EXERCISE DETAILS: Beginning at the line containing "Knitter Patterned Shirt", print every line until the records end, keeping each exactly as it is.
Segment Open
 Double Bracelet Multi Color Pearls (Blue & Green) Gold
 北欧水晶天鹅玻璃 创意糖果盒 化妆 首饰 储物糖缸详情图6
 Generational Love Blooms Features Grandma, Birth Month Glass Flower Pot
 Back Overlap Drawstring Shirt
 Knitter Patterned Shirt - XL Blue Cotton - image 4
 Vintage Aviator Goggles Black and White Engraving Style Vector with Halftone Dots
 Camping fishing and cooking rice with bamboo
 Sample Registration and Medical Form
Segment Closed
RESULT:
 Knitter Patterned Shirt - XL Blue Cotton - image 4
 Vintage Aviator Goggles Black and White Engraving Style Vector with Halftone Dots
 Camping fishing and cooking rice with bamboo
 Sample Registration and Medical Form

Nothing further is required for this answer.